▶ **WHAT YOU HAVE TO DO**: Apart from the pictures, everything in the lines below must be printed exactly.
*** DATA EXTRACT Section Begins ***
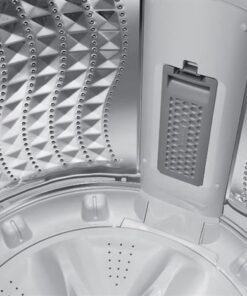 Máy giặt Samsung WA80F13S5BSV - hình số 6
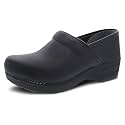 Dansko XP 2.0 Clogs - Lightweight Slip-Resistant Footwear for Comfort and Support - Ideal for Long Standing Professionals - Nursing, Healthcare Professionals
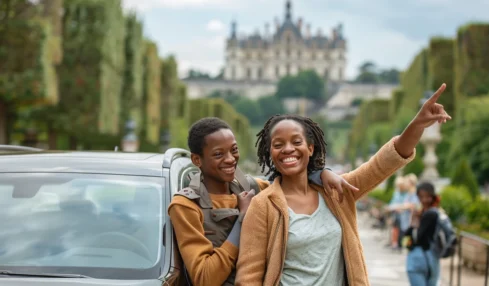 Découvrez où vous garer gratuitement lors de votre visite au château de Versailles : astuces et conseils pratiques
*** DATA EXTRACT Section Ends ***
▶ **SOLUTION FOR THIS PROBLEM**:
 Máy giặt Samsung WA80F13S5BSV - hình số 6
 Dansko XP 2.0 Clogs - Lightweight Slip-Resistant Footwear for Comfort and Support - Ideal for Long Standing Professionals - Nursing, Healthcare Professionals
 Découvrez où vous garer gratuitement lors de votre visite au château de Versailles : astuces et conseils pratiques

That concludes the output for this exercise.